- **Task objective**: Could you restate word for word only the lines below from the one holding "Whitby ammonite stämpel" to the one holding "最新婚姻法2020离婚孩子抚养权", inclusive, and leave out the pictures?

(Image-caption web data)
::::

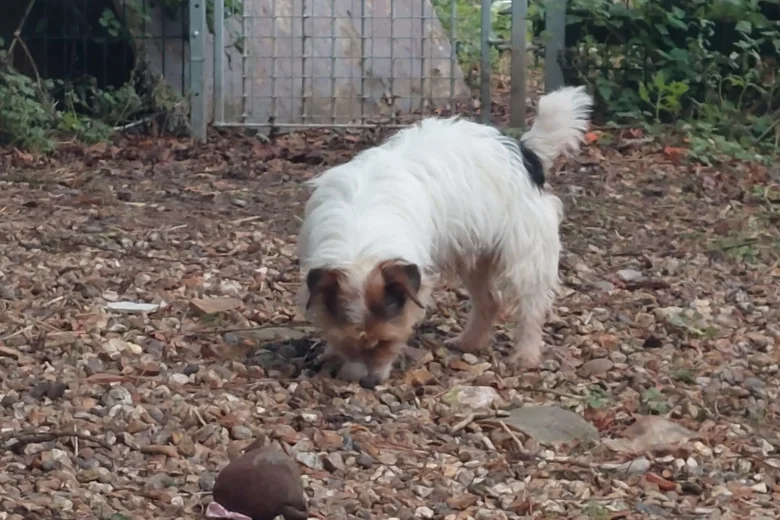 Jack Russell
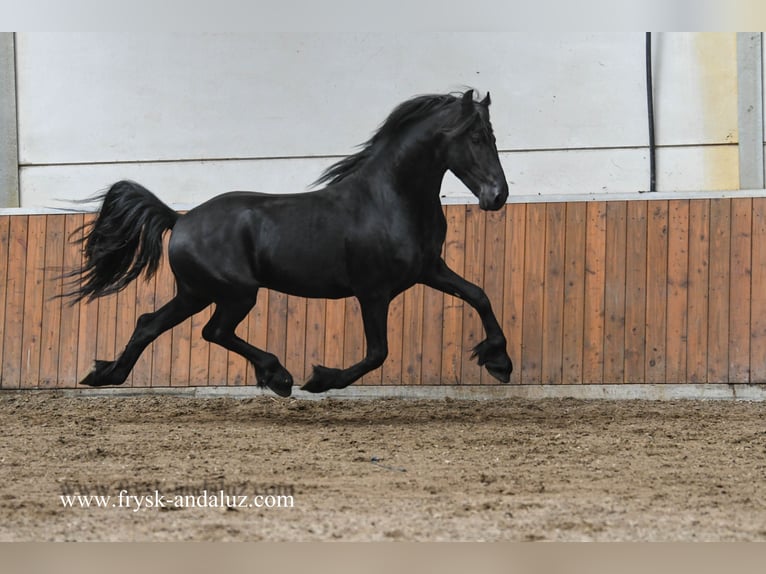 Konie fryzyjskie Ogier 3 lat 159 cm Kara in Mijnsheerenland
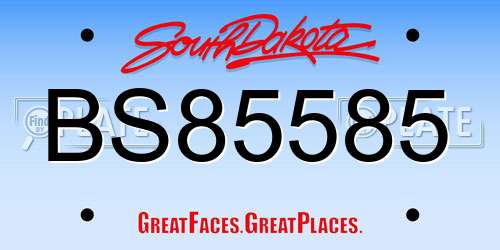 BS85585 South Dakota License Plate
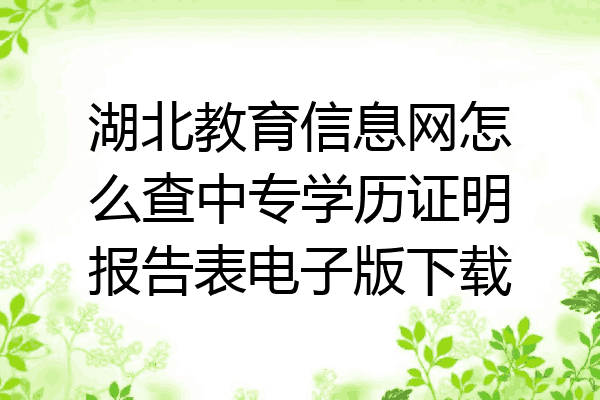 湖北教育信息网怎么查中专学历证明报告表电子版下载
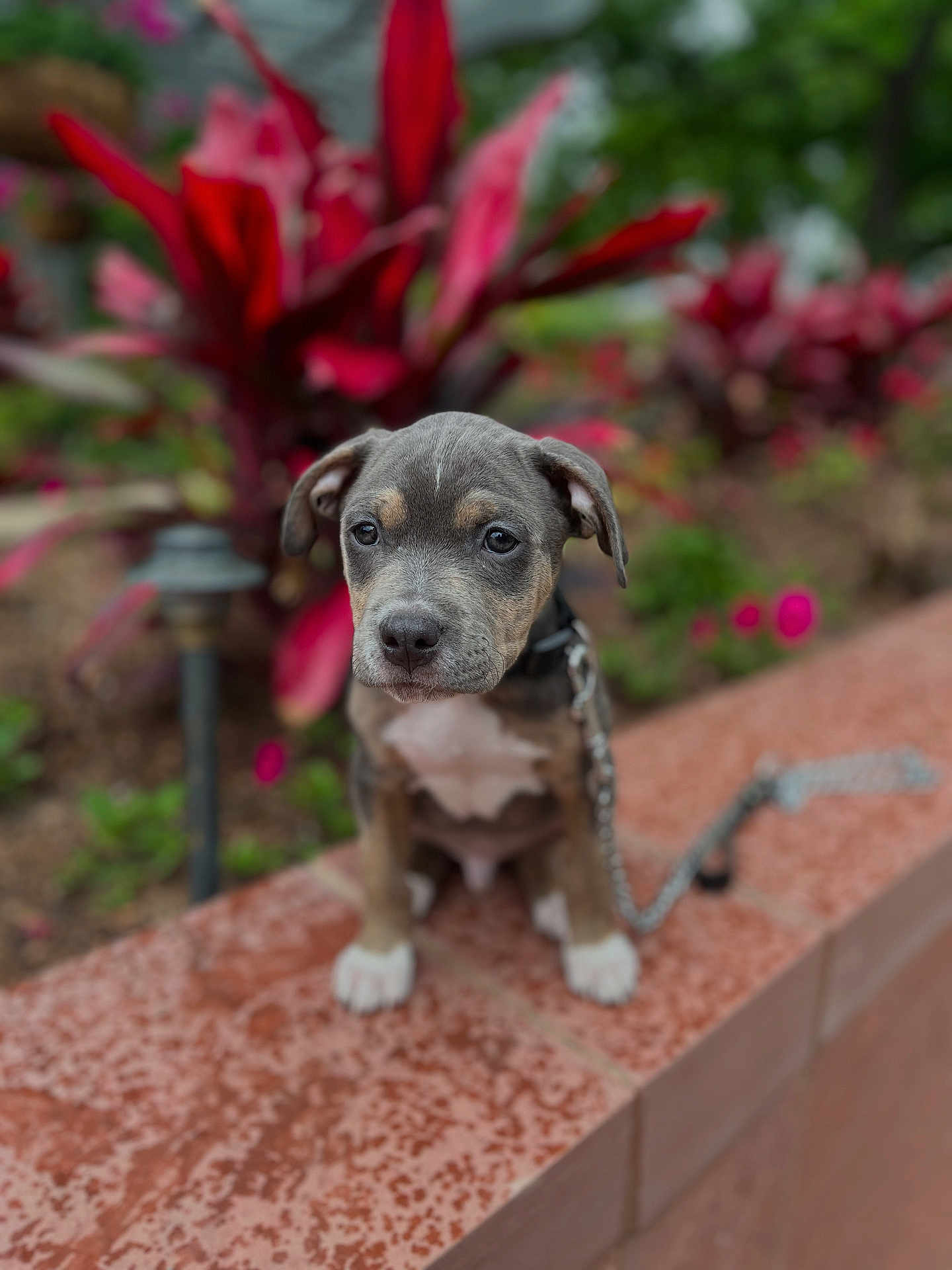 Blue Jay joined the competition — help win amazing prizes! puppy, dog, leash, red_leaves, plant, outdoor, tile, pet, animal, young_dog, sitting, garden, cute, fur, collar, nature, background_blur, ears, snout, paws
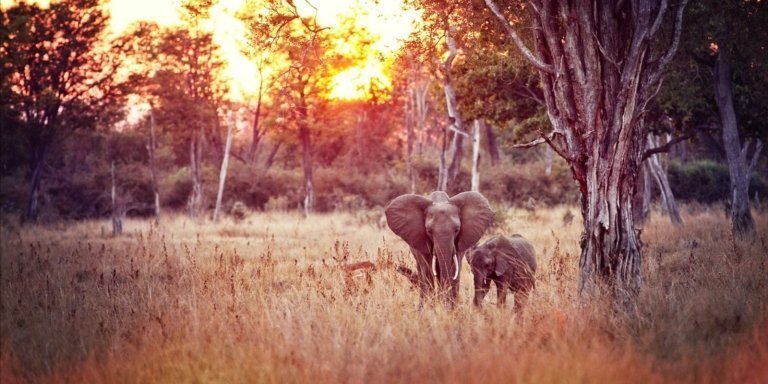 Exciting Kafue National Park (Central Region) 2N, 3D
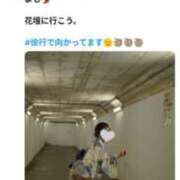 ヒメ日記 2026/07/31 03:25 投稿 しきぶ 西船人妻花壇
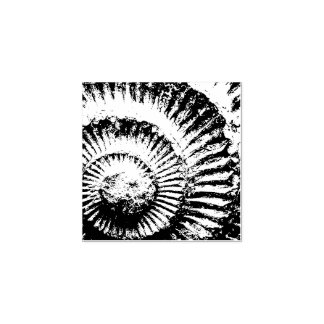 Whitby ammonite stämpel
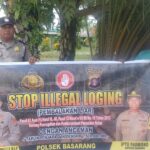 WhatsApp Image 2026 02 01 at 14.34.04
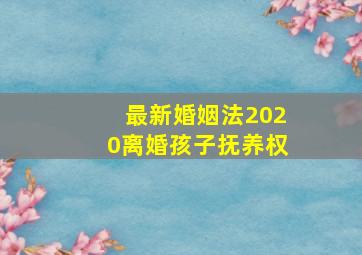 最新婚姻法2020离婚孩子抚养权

::::

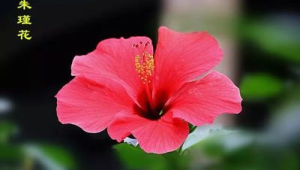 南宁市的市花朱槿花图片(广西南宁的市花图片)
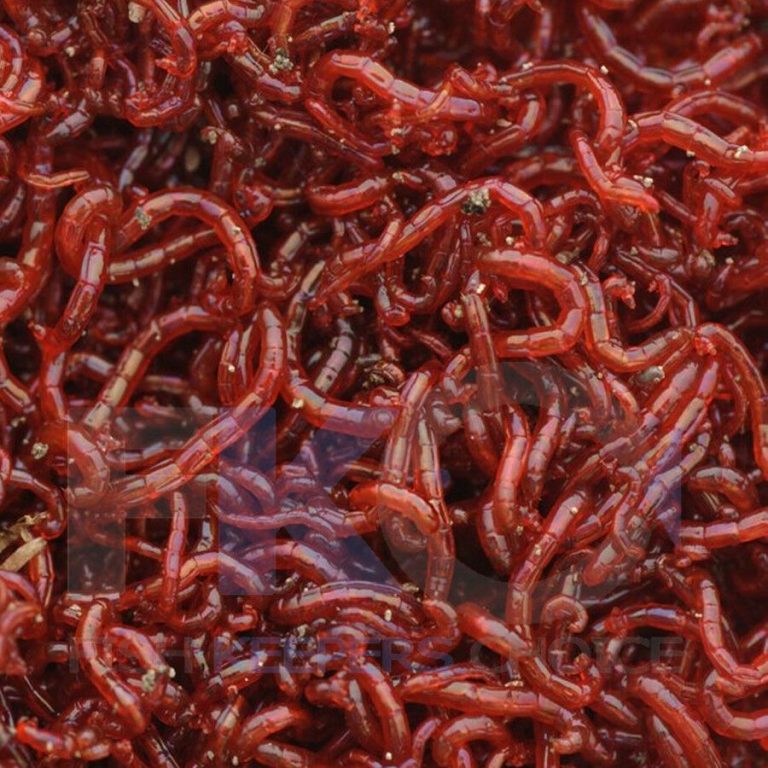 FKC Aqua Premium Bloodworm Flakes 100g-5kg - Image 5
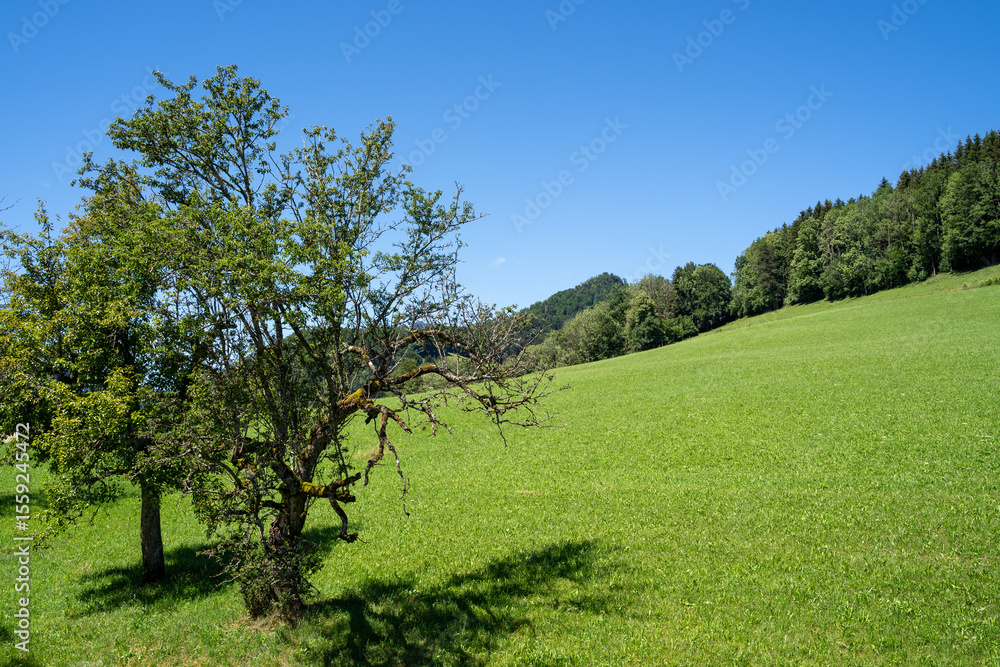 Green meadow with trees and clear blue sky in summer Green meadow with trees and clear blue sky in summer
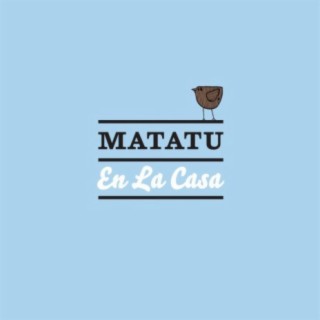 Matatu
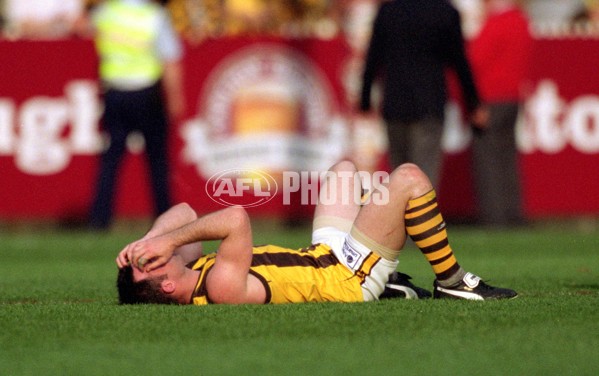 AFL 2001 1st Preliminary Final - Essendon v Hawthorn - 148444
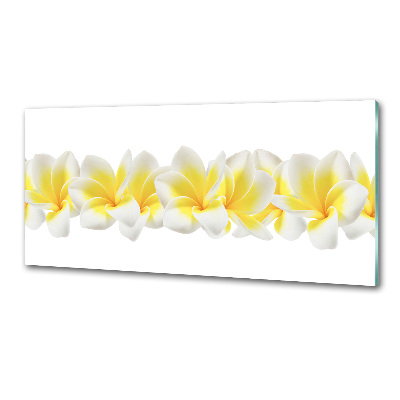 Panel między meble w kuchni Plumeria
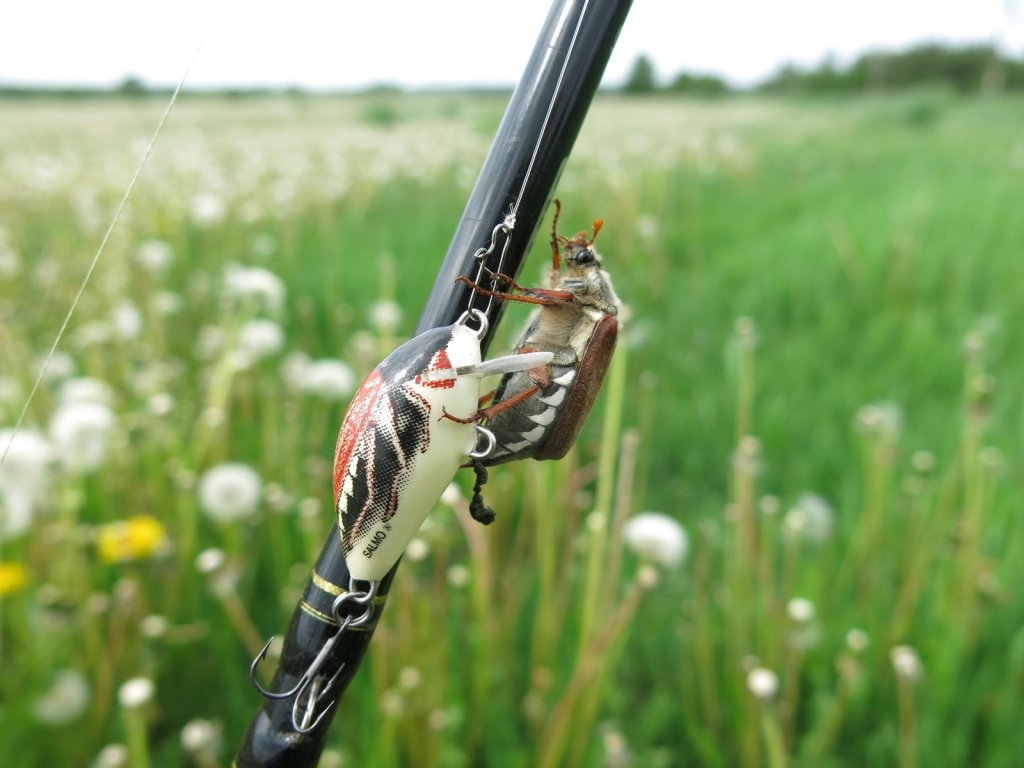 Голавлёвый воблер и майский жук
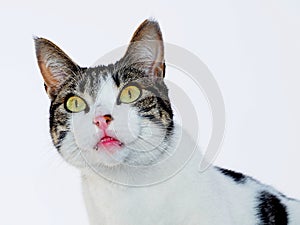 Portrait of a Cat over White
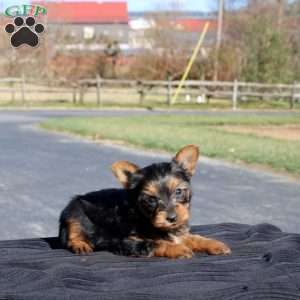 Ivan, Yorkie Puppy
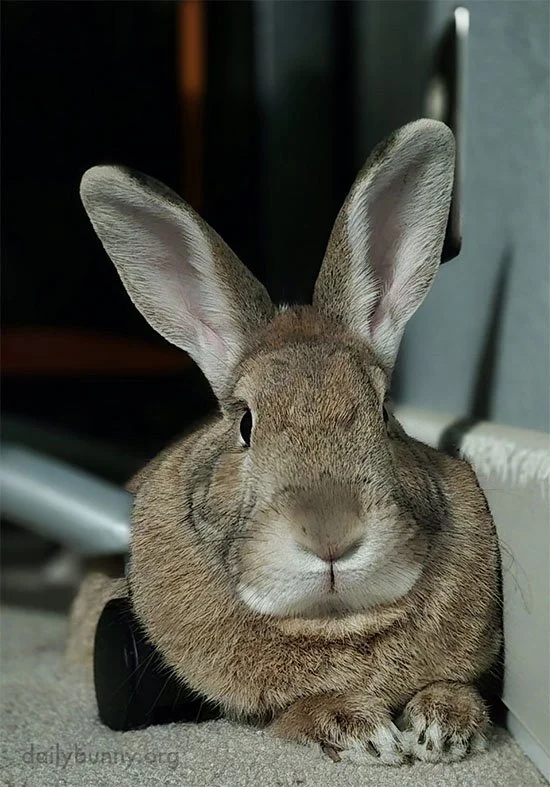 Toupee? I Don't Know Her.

::::

- **Result for this task**:
 Whitby ammonite stämpel
 WhatsApp Image 2026 02 01 at 14.34.04
 最新婚姻法2020离婚孩子抚养权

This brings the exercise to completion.